[Saved data entries]
■ ■ ■ ■ ■ ■ ■

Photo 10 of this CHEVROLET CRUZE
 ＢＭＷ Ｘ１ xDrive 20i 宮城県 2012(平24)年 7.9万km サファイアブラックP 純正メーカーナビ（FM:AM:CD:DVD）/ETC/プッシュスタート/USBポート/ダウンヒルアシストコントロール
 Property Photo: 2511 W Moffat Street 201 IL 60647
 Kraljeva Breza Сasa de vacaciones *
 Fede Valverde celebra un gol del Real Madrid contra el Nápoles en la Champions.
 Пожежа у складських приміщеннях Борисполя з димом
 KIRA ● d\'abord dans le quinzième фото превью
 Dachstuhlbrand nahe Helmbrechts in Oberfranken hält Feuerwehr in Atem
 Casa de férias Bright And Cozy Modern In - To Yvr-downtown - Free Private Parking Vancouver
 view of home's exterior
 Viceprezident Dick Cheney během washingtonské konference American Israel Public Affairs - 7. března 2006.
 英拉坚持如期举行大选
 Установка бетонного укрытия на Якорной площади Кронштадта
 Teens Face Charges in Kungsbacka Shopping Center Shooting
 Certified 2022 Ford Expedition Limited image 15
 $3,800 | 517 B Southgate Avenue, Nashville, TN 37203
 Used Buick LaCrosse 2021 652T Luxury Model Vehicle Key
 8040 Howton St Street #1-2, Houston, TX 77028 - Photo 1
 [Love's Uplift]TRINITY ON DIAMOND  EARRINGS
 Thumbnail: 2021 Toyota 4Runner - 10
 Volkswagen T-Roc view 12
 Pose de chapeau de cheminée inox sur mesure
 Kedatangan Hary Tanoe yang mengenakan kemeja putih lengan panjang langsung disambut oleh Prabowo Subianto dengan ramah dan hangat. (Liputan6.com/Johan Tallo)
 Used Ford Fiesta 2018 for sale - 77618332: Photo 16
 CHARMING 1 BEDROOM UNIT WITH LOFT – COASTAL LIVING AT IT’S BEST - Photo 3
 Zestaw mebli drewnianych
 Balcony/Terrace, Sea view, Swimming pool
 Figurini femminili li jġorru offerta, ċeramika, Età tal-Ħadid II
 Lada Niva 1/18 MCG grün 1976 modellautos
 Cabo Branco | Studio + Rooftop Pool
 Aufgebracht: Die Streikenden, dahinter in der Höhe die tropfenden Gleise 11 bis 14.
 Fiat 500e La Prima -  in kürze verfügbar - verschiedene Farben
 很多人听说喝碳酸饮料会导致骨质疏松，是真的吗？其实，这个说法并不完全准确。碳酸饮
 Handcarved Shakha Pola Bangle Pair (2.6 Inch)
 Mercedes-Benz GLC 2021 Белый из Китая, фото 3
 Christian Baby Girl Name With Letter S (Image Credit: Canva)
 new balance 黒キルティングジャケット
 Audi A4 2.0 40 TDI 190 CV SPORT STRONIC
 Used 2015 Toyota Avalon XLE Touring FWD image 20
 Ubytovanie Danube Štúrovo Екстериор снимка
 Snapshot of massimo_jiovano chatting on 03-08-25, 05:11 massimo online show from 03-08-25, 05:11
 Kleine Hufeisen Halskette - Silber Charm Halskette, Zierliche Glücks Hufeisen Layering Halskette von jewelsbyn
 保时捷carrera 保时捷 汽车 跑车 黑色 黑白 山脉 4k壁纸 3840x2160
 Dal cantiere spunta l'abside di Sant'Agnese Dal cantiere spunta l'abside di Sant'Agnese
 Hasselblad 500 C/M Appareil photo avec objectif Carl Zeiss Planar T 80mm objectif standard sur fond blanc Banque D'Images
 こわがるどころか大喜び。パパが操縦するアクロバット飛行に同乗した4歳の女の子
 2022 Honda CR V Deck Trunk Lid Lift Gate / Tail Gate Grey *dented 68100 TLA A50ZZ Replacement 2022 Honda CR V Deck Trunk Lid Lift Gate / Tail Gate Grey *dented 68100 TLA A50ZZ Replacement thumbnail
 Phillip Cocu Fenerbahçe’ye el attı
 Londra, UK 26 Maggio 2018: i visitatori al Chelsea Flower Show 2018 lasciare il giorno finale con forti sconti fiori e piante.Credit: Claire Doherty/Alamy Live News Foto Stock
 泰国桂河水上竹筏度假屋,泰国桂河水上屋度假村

■ ■ ■ ■ ■ ■ ■

> TRY IT
Output the first line of the entries above and every line after it, exactly as written, ending with the line that contains "Pose de chapeau de cheminée inox sur mesure".

> TASK ANSWER
Photo 10 of this CHEVROLET CRUZE
 ＢＭＷ Ｘ１ xDrive 20i 宮城県 2012(平24)年 7.9万km サファイアブラックP 純正メーカーナビ（FM:AM:CD:DVD）/ETC/プッシュスタート/USBポート/ダウンヒルアシストコントロール
 Property Photo: 2511 W Moffat Street 201 IL 60647
 Kraljeva Breza Сasa de vacaciones *
 Fede Valverde celebra un gol del Real Madrid contra el Nápoles en la Champions.
 Пожежа у складських приміщеннях Борисполя з димом
 KIRA ● d\'abord dans le quinzième фото превью
 Dachstuhlbrand nahe Helmbrechts in Oberfranken hält Feuerwehr in Atem
 Casa de férias Bright And Cozy Modern In - To Yvr-downtown - Free Private Parking Vancouver
 view of home's exterior
 Viceprezident Dick Cheney během washingtonské konference American Israel Public Affairs - 7. března 2006.
 英拉坚持如期举行大选
 Установка бетонного укрытия на Якорной площади Кронштадта
 Teens Face Charges in Kungsbacka Shopping Center Shooting
 Certified 2022 Ford Expedition Limited image 15
 $3,800 | 517 B Southgate Avenue, Nashville, TN 37203
 Used Buick LaCrosse 2021 652T Luxury Model Vehicle Key
 8040 Howton St Street #1-2, Houston, TX 77028 - Photo 1
 [Love's Uplift]TRINITY ON DIAMOND  EARRINGS
 Thumbnail: 2021 Toyota 4Runner - 10
 Volkswagen T-Roc view 12
 Pose de chapeau de cheminée inox sur mesure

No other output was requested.